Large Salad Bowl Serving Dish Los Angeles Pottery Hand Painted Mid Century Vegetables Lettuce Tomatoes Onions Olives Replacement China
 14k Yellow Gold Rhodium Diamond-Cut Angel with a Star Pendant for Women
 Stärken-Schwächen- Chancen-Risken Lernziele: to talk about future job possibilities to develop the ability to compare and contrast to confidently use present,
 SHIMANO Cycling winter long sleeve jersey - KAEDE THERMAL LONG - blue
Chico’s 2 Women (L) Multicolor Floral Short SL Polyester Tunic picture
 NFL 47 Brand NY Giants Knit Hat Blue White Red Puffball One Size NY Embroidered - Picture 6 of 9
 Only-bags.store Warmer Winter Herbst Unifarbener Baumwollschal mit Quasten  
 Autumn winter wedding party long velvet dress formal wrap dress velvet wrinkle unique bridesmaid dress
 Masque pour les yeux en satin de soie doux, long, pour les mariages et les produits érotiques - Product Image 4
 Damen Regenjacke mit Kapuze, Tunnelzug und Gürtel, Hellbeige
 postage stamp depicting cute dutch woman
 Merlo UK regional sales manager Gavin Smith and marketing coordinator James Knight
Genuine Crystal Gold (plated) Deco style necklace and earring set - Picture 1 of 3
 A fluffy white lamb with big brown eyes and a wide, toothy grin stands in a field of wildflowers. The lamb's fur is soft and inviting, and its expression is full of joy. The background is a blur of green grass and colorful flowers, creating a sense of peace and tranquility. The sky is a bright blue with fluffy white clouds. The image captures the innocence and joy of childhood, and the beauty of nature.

-------------------------

> _Work to complete_: Each line above from the one with "NFL 47 Brand" up to and including the one with "Autumn winter wedding" must be set down exactly, and no line outside that span may appear.

> _Output for this exercise_:
 NFL 47 Brand NY Giants Knit Hat Blue White Red Puffball One Size NY Embroidered - Picture 6 of 9
 Only-bags.store Warmer Winter Herbst Unifarbener Baumwollschal mit Quasten  
 Autumn winter wedding party long velvet dress formal wrap dress velvet wrinkle unique bridesmaid dress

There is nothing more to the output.